Opening with a musical meditation on the altering of the clocks, Russell plays Mel Tormé's version of 'Time Was', recorded in Britain with Wally Stott, following it with Wesla Whitfield and Mike Greensill's version of 'Moonlight Saving Time' and the potentially-confusing-in-Arizona (Russell explains why) 'My Cutie's Due At Two To Two' in the famous recording by Johnny Mercer and Bobby Darin.
Next, we have a celebration: It's the centenary of the late Frankie Laine whose long and productive life came to an end on February 6th 2007. Russell finds five songs, four of them written by Laine: 'We'll Be Together Again', sung by Louis Armstrong; 'What Could Be Sweeter', which Frankie himself sings, 'It Only Happens Once' - for this one Russell discovers a recent recording by young British star Atila Huseyin; and 'Put Yourself In My Place, Baby' written by Frankie with Hoagy Carmichael: Hoagy sings it for us.

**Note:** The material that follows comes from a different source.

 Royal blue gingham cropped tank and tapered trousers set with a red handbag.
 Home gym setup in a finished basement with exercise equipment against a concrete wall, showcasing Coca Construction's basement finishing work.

There's an oldie, too - 'Way Down Yonder In New Orleans' with Frankie in duet with Jo Stafford. 'What Could Be Sweeter' leads to the unearthing of an extreme rarity - an early '20s song of almost the same title 'What Could Be Sweeter Than You' and, thanks to a kind listener, we're able to hear it by The Ponce Sisters on a 1925 vintage 78.

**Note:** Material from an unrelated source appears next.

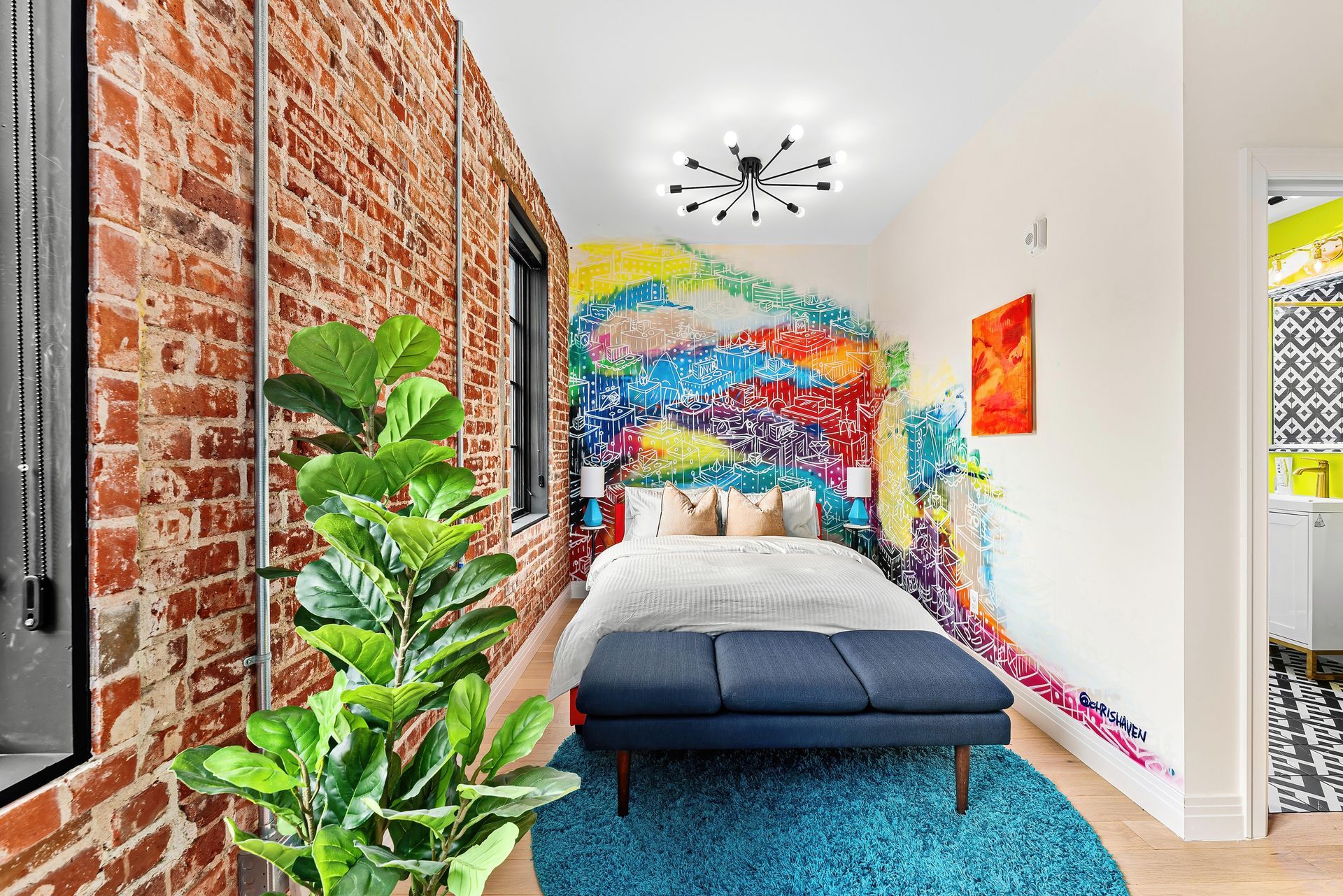 Narrow colorful bedroom with brick wall, teal rug, bed, large plant, and mural on the far wall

Russell next recalls two songwriters: Harry Akst who died 50 years ago today: And Mitchell Parish, lyricist to many famous songs, died 31st March 1993. Russell plays Tony Bennett's 'Sweet Lorraine' with just Joe Marsala's clarinet and the ukulele of cornet-maestro Bobby Hackett. Finally, there's Parish's most famed contribution to The American Songbook: he added the lyrics to Hoagy Carmichael's 'Star Dust' which we hear in a version by fine young Antipodean chanteuse, Janet Seidel.